I’ll use IT as a shared service as an example. Most of this service is directed internally to the business units. This makes an interesting model because most of the BU’s know what IT is costing them. This reminds me of a funny story – One of the jokes we had at a previous employer was that you couldn’t say “hi” in the hall to anyone from XYZ team because they would charge you $110.
In these cultures it is crucial to add a prioritization/governance layer to the service. And it is also important to share info on the value created by the service.
Prioritization/Governance:
Even though IT is an internal service, there is a real cost and a limited/scarce resource. The teams can only do X number of projects with the team members and the budget that they have. A prioritization/governance model is required to make the business units think through the requisition process – which projects are most important to the business? At a previous employer we had this model, with internal and external compliance project requests receiving highest priority and being guaranteed to be done first. Very large corporate initiatives, live implementing SAP or consolidating a datacenter came next. Once again, not optional.

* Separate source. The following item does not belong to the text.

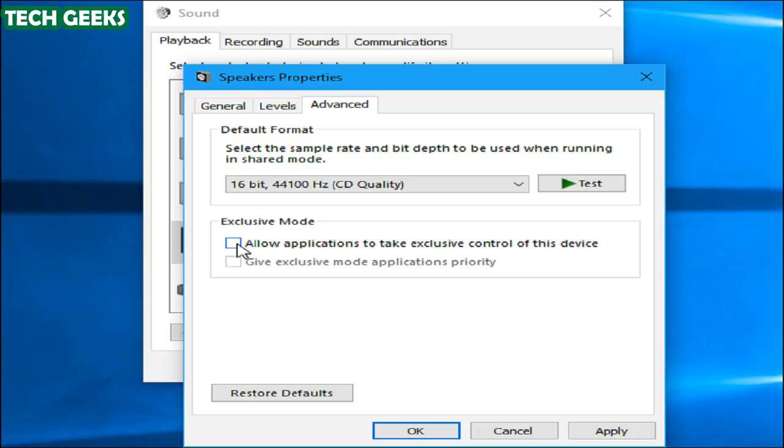This option normally is not a problem, so you should probably re-enable it if disabling it doesn't solve the problem.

Everything else (which was significantly less resources and budget than we started with) was discretionary. Remaining projects needed to be prioritized by business need, customer need, etc. using a prioritization strategy.
Sharing value:
It is important to share with the business units the value created by the shared service. The prioritization process helps, but also show the value gained. This can be relatively easy with a discretonary project which will bring real value and ROI to the BU or a key customer. But it is not so easy to do with IT as an infrastructure (servers, datacenters, networks, etc).
And it is necessary, and difficult, to police the business so that they see the real value of IT as a shared service. There is always the temptation for the business to grumble about the cost, and try to “grow their own” IT embedded in the BU. This is because they forget the opportunity cost of buying that IT shared service.

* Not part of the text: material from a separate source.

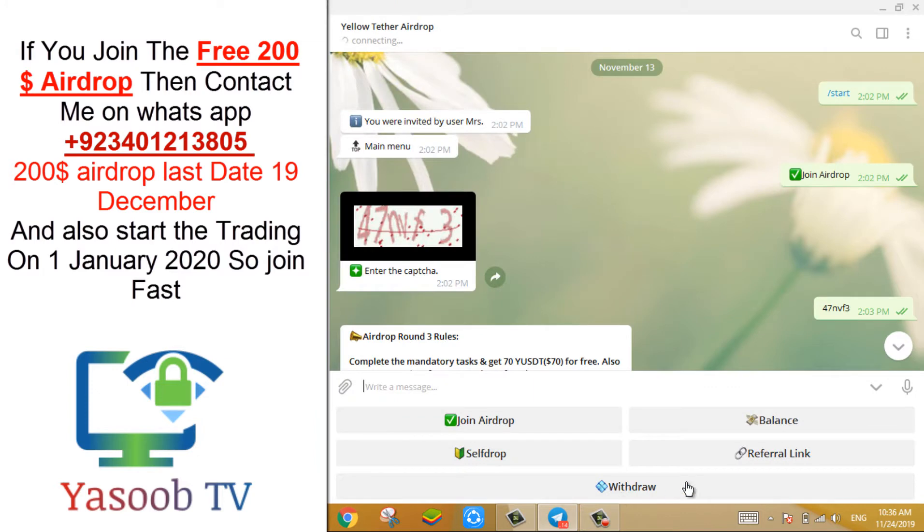When you come to telegram bot, you see the start button, click on the start button. After you click the start button, click on join airdrop.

@Scott Miller: That’s really interesting. Especially (a) how both market signals AND organizational priorities/strategies each influence the allocation of resources and (b) how “compliance” was a priority that helped determine business decisions, trumping short-term profit even, it seems.
The problem you mentioned about the trouble of showing the value of IT infrastructure to individual business units reminds me of a book I’m reading now–”The Not So Wild, Wild West.” It discusses how property rights evolved in the late 1800′s American West–how shared resources such as water rights and grazing land (not unlike shared IT resources) were transformed from tragedies of the commons to private property that was better utilized. It’s a pretty fun read, actually.
@AndyGillette: Another example demonstrating the challenges of perceived value in IT infrastructure is Nicholas Carr’s HBR article “IT Doesn’t Matter” and his book with the somewhat less inflammatory title “Does IT Matter? Information Technology and the Corrosion of Competitive Advantage”. In it Carr compares IT to energy and railroad infrastructure. No one cares about the lightbulb – they only care that it works.
A wise colleague of mine once said,”with infrastructure, the best customer attitude that you can hope for is ambivalence. When the network or server is down they really care. The rest of the time not so much.”